▸ **MATERIAL PROVIDED**
--------------------------------------------------
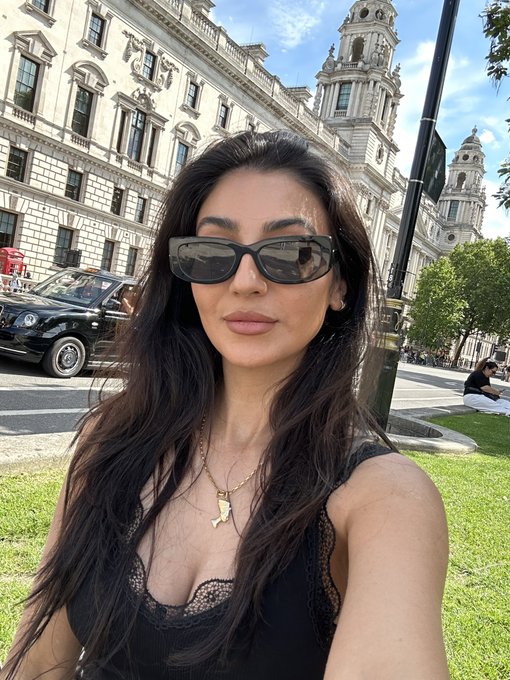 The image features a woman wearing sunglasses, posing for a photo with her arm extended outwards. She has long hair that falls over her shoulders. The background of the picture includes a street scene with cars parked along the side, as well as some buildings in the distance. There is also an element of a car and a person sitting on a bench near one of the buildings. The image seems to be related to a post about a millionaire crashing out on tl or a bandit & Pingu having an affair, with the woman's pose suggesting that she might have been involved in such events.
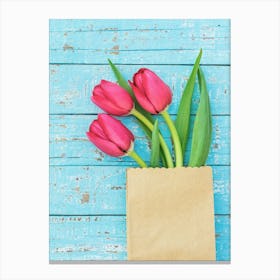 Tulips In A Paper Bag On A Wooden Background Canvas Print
--------------------------------------------------
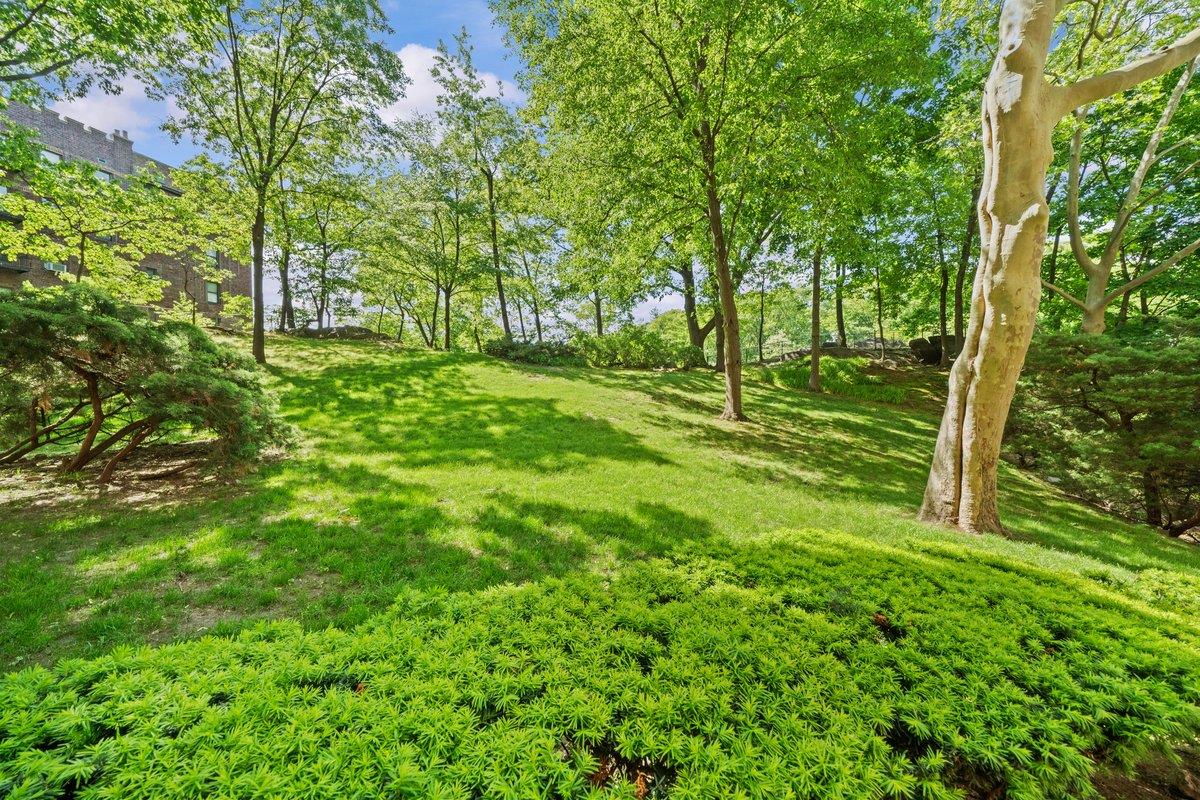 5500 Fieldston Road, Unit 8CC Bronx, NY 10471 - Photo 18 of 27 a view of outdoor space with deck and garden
--------------------------------------------------
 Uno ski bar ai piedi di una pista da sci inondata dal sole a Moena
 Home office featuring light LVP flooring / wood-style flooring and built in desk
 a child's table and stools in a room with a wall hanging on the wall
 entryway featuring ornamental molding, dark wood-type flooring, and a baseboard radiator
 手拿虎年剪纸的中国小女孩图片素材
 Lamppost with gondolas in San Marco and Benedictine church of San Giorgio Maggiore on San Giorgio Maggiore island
--------------------------------------------------
▸ **WHAT YOU ARE ASKED TO DO**
Copy out each line from the listing that contains the string "featuring".

▸ **EXERCISE OUTPUT**
 Home office featuring light LVP flooring / wood-style flooring and built in desk
 entryway featuring ornamental molding, dark wood-type flooring, and a baseboard radiator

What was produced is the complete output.